The contextual revolution (don’t really know if that’s a thing, but it sounds official) emerged in the MLB the past few years, attempting to control for more situational effects than current sabermetric driven baseball stats. These models build upon Bill James’s work, Tom Tango’s all-important linear weights, and similar metrics that account for league, park, and positional production.
Baseball Prospectus (BP) writers developed baseball statistics that further quantify performance using mixed models . You can find a good introduction to mixed models in this article written by Jonathan Judge, Harry Pavlidis and Dan Brooks of BP, but if you are familiar with linear or logistic regression, a mixed model attempts to estimate the average performance over the course of the season (fixed linear model) and use the residuals (or error) to simultaneously quantify the contributions of “random” participants in any given play. Now why do I say random? It isn’t so much that these participants are random, but that the baseball players are always changing and the number of “random” interactions they have throughout a season is endless, while the effect of an 0-2 count on run production says relatively consistent or fixed throughout a whole season.

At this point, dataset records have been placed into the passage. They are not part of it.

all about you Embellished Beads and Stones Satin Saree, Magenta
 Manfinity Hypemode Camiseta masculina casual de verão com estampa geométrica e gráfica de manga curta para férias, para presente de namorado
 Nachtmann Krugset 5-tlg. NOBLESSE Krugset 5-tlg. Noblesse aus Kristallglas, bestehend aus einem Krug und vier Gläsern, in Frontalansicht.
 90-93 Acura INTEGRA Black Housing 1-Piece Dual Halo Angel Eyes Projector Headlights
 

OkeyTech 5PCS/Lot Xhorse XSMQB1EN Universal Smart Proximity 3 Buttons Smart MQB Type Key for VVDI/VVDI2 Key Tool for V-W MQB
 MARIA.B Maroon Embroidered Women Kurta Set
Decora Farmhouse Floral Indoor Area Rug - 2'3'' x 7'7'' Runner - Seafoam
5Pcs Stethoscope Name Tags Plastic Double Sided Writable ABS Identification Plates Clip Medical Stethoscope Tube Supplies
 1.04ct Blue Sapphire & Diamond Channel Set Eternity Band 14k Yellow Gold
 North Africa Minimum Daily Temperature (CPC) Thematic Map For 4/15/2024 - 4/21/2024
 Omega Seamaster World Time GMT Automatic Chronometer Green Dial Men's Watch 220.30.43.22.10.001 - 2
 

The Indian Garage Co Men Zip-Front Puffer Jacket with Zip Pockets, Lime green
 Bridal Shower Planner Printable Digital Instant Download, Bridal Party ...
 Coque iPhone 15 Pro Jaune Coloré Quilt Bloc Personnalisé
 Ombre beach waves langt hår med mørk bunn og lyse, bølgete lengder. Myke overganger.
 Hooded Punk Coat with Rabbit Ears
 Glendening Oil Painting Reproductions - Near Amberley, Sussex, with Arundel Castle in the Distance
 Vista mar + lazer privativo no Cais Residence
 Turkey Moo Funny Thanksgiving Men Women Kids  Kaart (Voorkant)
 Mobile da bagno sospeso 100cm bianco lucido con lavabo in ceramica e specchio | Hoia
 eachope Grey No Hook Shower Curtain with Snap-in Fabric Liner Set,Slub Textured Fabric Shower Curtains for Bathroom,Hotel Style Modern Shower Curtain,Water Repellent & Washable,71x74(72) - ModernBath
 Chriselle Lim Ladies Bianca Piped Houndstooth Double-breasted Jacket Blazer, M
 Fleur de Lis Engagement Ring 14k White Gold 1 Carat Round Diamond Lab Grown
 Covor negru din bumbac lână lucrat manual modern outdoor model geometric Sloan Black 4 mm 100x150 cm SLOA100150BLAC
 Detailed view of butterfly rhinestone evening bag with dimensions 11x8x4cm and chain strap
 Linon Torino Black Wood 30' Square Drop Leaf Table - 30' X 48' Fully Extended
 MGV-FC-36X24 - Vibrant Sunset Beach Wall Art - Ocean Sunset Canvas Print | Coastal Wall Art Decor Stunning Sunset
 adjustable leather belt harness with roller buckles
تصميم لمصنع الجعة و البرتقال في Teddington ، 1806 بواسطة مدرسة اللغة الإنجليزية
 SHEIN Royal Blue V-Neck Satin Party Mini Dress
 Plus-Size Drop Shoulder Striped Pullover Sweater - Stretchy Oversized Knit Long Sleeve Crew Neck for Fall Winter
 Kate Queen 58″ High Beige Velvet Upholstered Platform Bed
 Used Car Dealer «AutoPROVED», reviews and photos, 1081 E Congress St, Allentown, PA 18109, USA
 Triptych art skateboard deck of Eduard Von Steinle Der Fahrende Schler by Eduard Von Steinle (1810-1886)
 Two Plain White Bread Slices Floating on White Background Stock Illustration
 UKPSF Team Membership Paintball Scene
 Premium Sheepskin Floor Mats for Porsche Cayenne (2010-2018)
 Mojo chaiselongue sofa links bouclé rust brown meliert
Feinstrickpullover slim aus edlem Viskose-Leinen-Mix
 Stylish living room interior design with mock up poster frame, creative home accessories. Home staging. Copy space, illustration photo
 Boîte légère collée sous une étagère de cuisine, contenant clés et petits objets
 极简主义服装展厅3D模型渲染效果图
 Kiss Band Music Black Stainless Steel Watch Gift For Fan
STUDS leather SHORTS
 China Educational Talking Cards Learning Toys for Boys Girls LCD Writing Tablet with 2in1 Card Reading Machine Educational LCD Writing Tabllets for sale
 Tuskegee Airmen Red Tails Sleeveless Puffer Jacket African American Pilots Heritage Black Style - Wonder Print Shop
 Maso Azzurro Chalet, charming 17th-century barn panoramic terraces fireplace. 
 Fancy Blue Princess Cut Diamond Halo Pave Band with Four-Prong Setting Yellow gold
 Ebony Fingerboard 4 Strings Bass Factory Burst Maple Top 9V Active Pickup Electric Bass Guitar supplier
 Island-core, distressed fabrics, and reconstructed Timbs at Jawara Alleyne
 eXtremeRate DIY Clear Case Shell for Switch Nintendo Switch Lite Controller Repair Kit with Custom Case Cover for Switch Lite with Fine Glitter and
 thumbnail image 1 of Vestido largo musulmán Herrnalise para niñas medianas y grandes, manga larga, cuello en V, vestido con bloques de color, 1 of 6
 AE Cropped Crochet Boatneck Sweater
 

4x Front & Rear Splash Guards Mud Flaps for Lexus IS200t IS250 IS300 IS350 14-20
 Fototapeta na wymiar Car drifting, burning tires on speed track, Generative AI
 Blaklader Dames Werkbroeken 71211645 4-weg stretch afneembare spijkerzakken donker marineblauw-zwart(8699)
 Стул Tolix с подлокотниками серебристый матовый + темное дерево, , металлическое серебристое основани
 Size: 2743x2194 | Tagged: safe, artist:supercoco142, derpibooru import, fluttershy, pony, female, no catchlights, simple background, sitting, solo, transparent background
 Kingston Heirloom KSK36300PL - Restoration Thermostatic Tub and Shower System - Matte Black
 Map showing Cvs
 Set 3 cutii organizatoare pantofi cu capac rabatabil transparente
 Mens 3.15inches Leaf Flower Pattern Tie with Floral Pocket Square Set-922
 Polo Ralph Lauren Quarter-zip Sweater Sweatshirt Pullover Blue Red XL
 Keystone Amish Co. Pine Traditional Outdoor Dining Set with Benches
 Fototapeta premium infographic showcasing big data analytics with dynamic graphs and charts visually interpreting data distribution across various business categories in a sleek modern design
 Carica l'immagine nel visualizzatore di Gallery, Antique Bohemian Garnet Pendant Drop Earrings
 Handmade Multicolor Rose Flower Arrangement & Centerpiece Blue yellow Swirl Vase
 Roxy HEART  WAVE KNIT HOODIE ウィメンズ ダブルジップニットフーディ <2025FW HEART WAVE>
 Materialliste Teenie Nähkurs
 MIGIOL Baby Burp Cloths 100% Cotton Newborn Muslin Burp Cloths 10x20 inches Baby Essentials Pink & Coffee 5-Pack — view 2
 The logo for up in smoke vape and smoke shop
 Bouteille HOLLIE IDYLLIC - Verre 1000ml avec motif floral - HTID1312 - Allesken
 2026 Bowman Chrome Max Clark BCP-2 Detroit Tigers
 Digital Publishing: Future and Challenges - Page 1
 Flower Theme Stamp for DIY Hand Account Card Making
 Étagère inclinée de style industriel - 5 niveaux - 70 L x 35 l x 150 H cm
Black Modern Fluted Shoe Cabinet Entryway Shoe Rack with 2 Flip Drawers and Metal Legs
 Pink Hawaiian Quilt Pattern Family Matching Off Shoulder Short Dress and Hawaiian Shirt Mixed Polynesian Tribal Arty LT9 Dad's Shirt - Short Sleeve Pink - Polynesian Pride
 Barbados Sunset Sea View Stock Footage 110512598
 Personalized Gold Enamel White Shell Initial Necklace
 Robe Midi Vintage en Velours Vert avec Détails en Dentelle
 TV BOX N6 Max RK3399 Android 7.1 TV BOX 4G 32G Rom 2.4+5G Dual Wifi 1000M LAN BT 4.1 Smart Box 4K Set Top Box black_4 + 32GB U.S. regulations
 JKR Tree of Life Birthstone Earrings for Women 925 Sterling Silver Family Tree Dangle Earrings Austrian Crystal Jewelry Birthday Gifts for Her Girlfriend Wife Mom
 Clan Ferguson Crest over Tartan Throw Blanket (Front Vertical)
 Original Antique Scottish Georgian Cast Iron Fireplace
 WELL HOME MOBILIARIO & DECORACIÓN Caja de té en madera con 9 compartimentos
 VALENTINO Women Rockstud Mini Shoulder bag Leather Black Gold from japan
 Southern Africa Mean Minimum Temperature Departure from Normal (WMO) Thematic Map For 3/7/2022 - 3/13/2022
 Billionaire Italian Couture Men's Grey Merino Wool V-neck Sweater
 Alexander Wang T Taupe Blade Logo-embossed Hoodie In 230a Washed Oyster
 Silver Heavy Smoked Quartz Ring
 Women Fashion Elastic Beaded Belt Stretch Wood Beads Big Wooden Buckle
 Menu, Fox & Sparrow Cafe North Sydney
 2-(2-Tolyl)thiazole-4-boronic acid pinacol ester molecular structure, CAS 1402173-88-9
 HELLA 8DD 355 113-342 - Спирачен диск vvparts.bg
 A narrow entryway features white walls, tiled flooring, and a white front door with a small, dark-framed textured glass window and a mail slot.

Some existing baseball stats based on mixed models include:
- Called Strikes Above Average (CSAA) – defensive statistic that measures catcher framing skills controlling for the batter, pitcher, catcher, and umpire
- Swipe Rate Above Average (SRAA) – base running metric that attempts to quantify base stealing ability for batters, and stolen base prevention for pitchers and catchers
- Take Off Rate Above Average (TRAA) – player specific effects on base stealing attempts
- cFIP – a new version of Fielding Independent Pitching (FIP) taking into account many aspects of a plate appearance. Read more about it here.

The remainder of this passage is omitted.